Leadership

The conference is organized every year by committed undergraduates from the University of Notre Dame. The planning process is led by up to three conference leadership fellows, selected through an application process open exclusively to peace studies undergraduates.

Conference fellows come from a variety of different academic programs. Over the course of eight months, they work closely with Kroc Institute staff on all aspects of the conference, from concept to event logistics. You can read more about this year’s leadership team below!


Aria Bossone, ’25

American Studies
Peace Studies
Gender Studies

Connect with Aria on LinkedIn

Aria Bossone is a senior from Scottsdale, Arizona, who is majoring in American studies with a supplementary major in peace studies and a minor in gender studies. 

Aria’s interests at Notre Dame have largely focused on the intersections of race, gender, American culture, and structural violence. Her work has appeared twice in Through Gendered Lenses, Notre Dame’s annual gender studies journal, one article detailing the experiences of women of color as part of the War on Drugs and the other discussing how spaces of hegemonic masculinity have served as breeding grounds for white nationalist ideology in the United States. Classes such as “Critical Refugee Studies” and “Europe Confronts the Refugees Challenge” have further expanded her research interests to include issues impacting migrant and refugee populations.

Aria has also prioritized experiential learning during her undergraduate career. She spent a summer in Barcelona, Spain, volunteering at a residential shelter for recently-arrived North African and West African refugees, and another summer in Orange, California, working at a shelter for unhoused pregnant women who experienced addiction, neglect, sex trafficking, and domestic abuse. She also studied abroad in Santiago, Chile, spending a semester exploring topics such as the Chilean’s government’s efforts to address systemic poverty and the country’s deep culture of protest and national pride.
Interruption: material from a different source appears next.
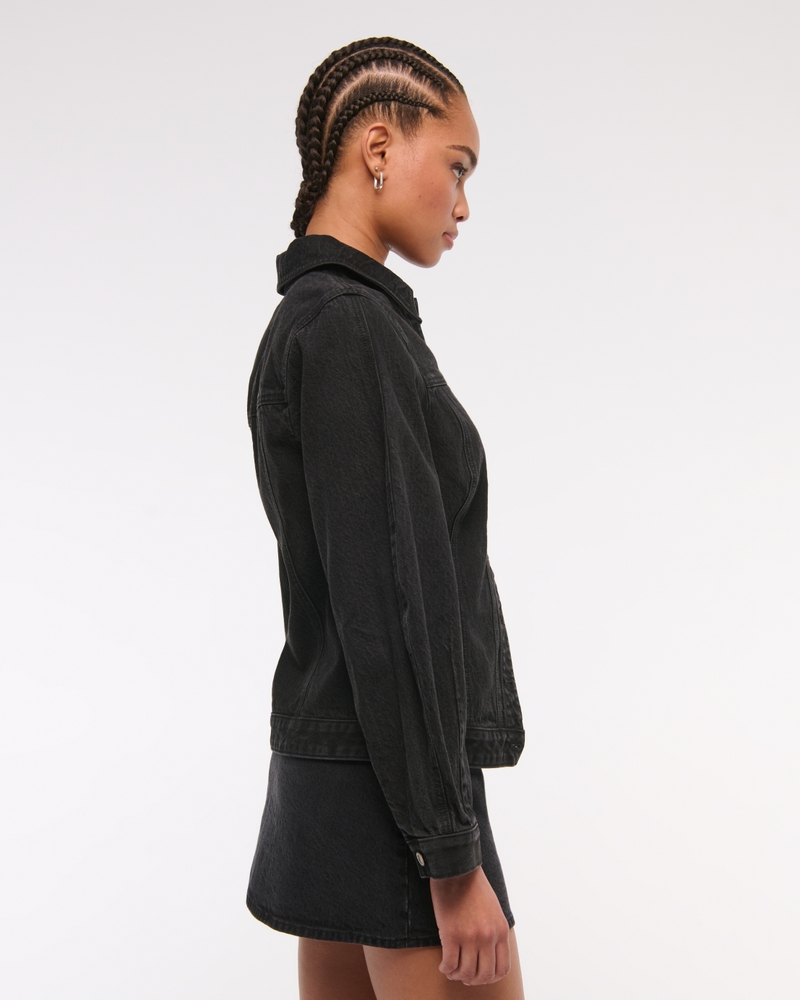 Slim Barrel Sleeve Denim Jacket(black,XXS)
Aria is currently working on capstone projects in both of her majors. Her American studies research focuses on the pervasive rhetoric and stigmas in both law and media that targeted Haitian migrants during the HIV/AIDS epidemic. Her peace studies research is an attempt to conceptualize a new framework for analyzing power structures in Palestine/Israel. Using Foucault’s biopower, Haraway’s biotechnopower, and Mbembe’s necropolitics theories as foundational literature, this framework of “necrotechnopower” will explain how Israel’s technological advancements have created a state that dictates how Palestinians live and die.

After graduation, Aria hopes to complete a Fulbright English Teaching Assistantship in Spain and then further her peace studies education at Trinity College Dublin with a continued focus on the intersections of gender, structural violence, and immigration.


Evie Garces-Foley, ’25

Anthropology
Peace Studies
Spanish

Connect with Evie on LinkedIn

Evie Garces-Foley is a senior from Annandale, Virginia, studying anthropology, peace studies, and Spanish. 

As a Notre Dame undergraduate, Evie’s research interests have focused on the relationships between international NGOs and local communities, looking particularly at trust-building between international conservation organizations and Indigenous populations. These interests are driven by the importance of considering power dynamics and fighting neocolonial frameworks in peacebuilding and conservation efforts. 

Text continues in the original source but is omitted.